_WORK TASK_.
Reproduce the lines below exactly. Skip images.
● ● ● ● ● ● ●
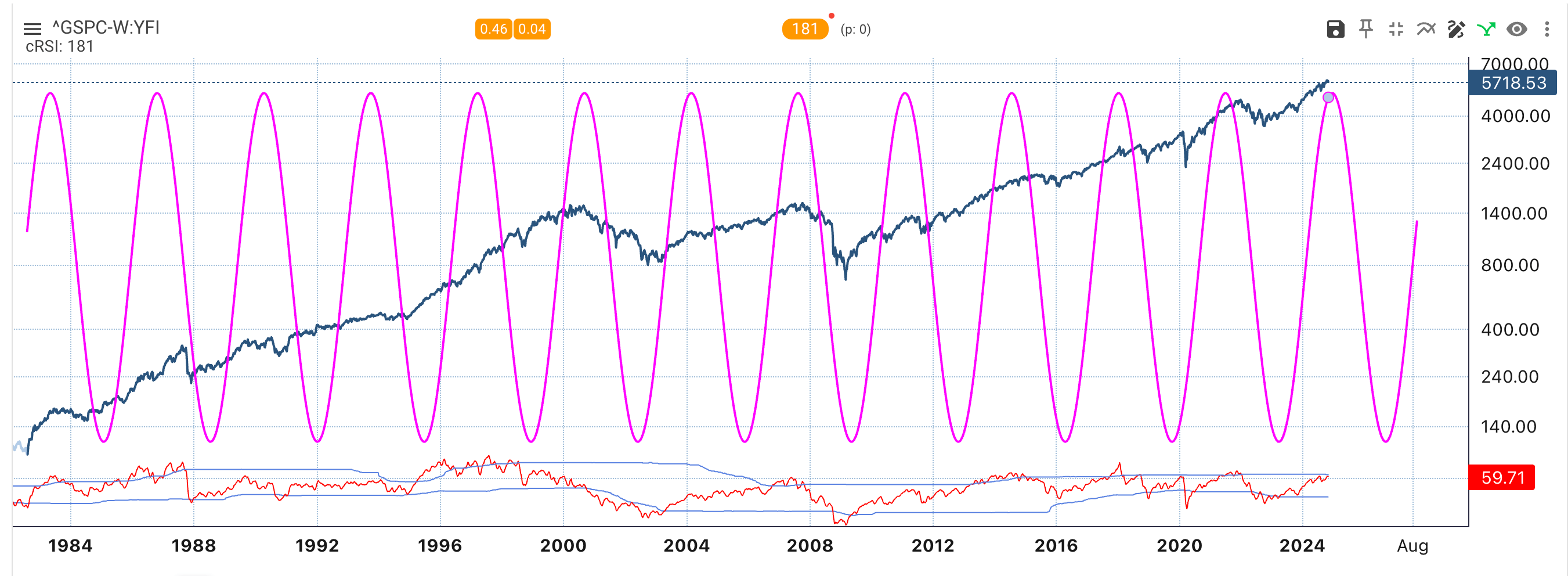 3 Crucial Long-Term Charts Giving Clues on Asset Allocation Heading Into 2025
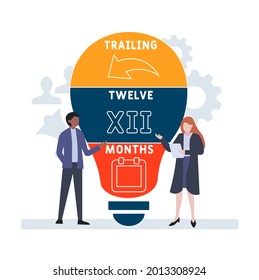 Flat design with people. TTM - Trailing Twelve Months acronym. business concept background. Vector illustration for website banner, marketing materials, business presentation, online advertising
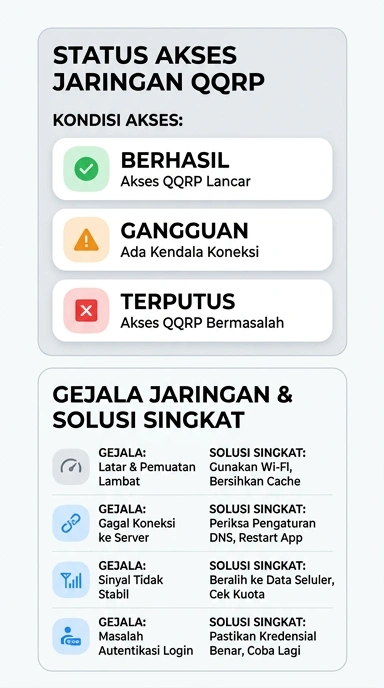 Link Alternatif qqrp untuk Pengguna Android Indonesia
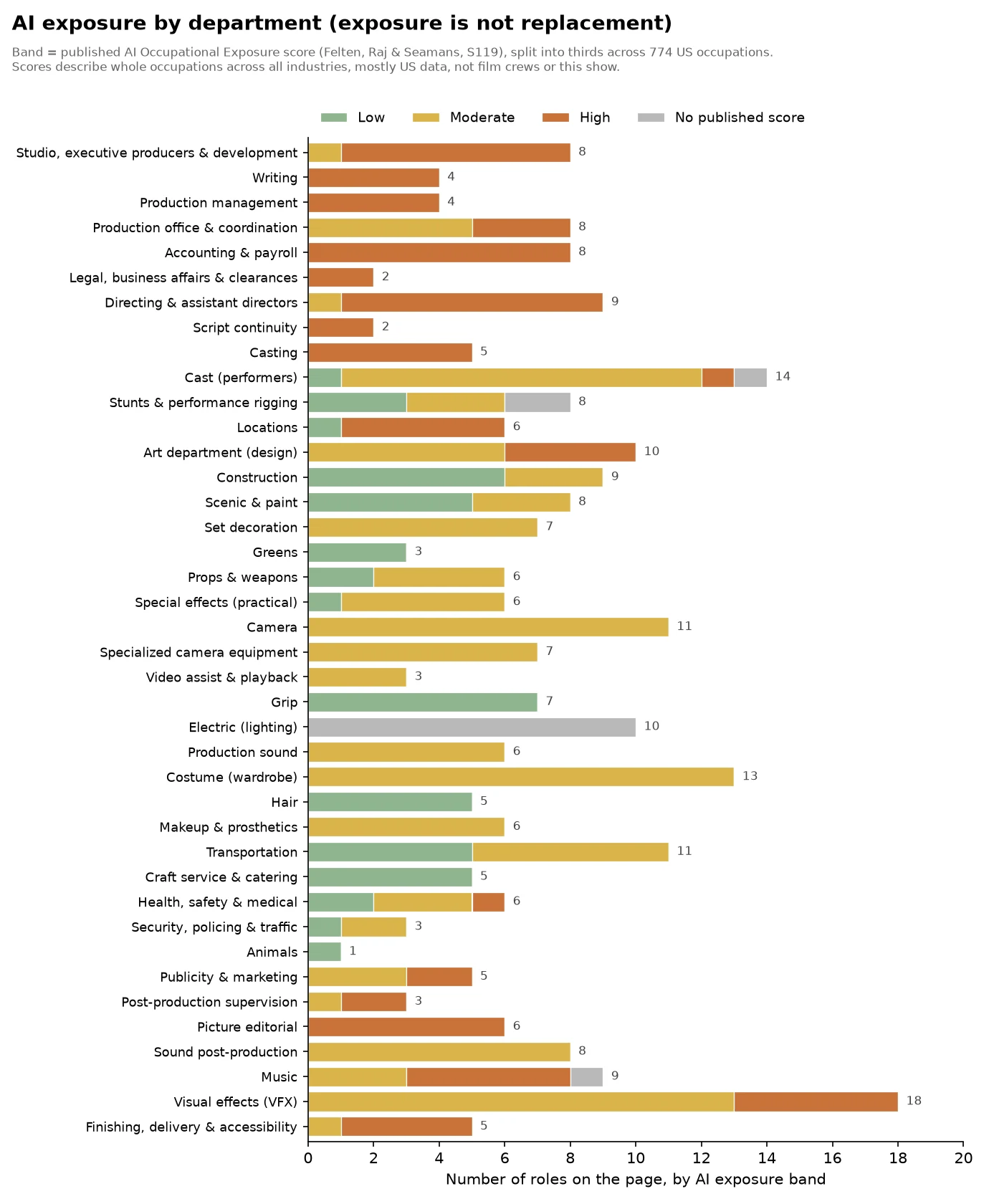 Stacked bar chart of how many roles in each department fall in the low, moderate or high AI exposure band, or have no published score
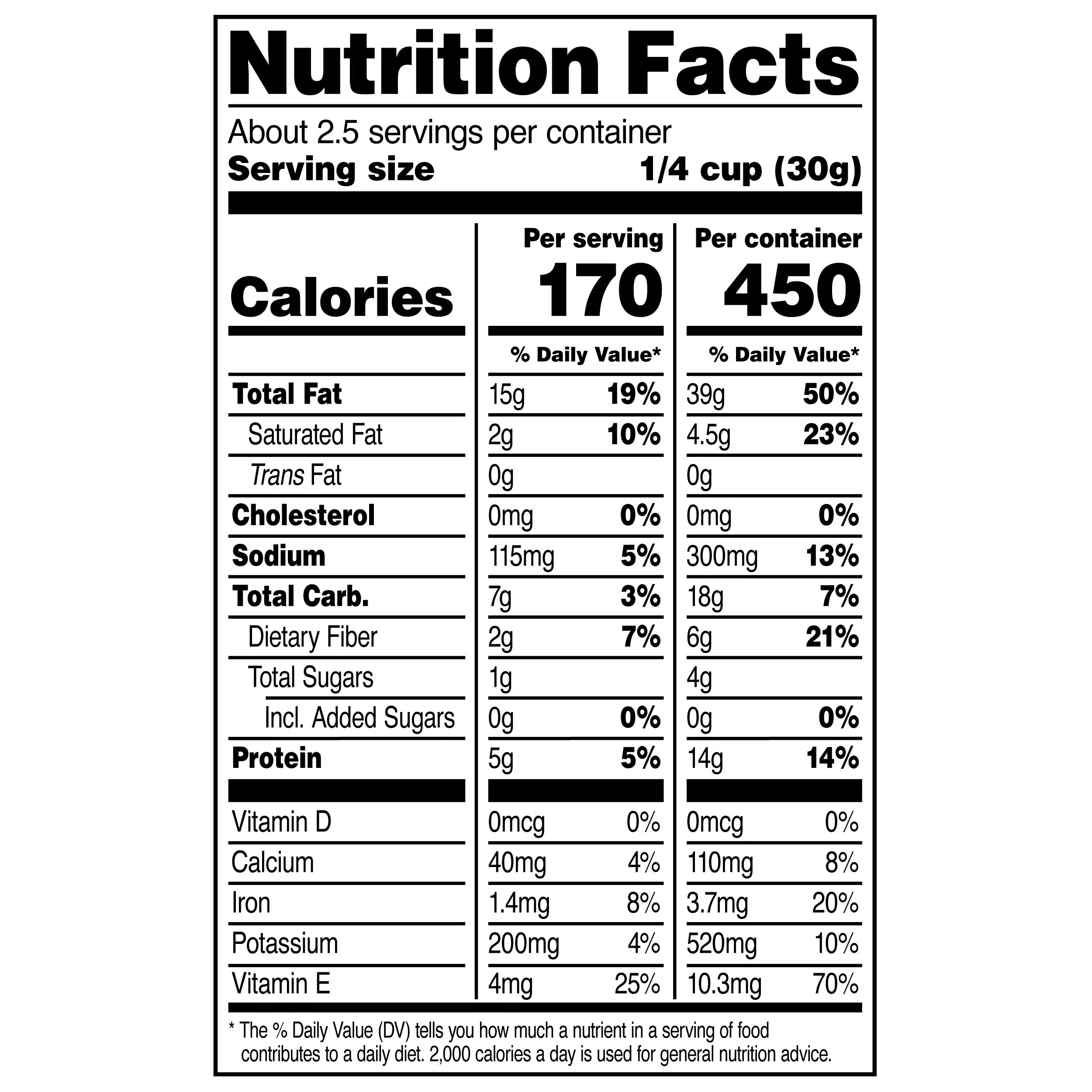 Nutrition Facts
● ● ● ● ● ● ●
_WRITTEN SOLUTION_.
 3 Crucial Long-Term Charts Giving Clues on Asset Allocation Heading Into 2025
 Flat design with people. TTM - Trailing Twelve Months acronym. business concept background. Vector illustration for website banner, marketing materials, business presentation, online advertising
 Link Alternatif qqrp untuk Pengguna Android Indonesia
 Stacked bar chart of how many roles in each department fall in the low, moderate or high AI exposure band, or have no published score
 Nutrition Facts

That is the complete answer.